===== DATA EXCERPTS =====
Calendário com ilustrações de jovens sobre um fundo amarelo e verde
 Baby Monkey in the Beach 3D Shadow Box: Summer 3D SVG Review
=====
===== DATA EXCERPTS =====
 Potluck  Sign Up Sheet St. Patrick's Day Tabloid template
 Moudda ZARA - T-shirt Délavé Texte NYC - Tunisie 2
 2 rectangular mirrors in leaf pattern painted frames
=====
WHAT NEEDS TO BE DONE:
Write down again, exactly as given, only the lines above that fall from the line with "Calendário com ilustrações" to the line with "Baby Monkey in", inclusive.

RESULT FOR THIS TASK:
Calendário com ilustrações de jovens sobre um fundo amarelo e verde
 Baby Monkey in the Beach 3D Shadow Box: Summer 3D SVG Review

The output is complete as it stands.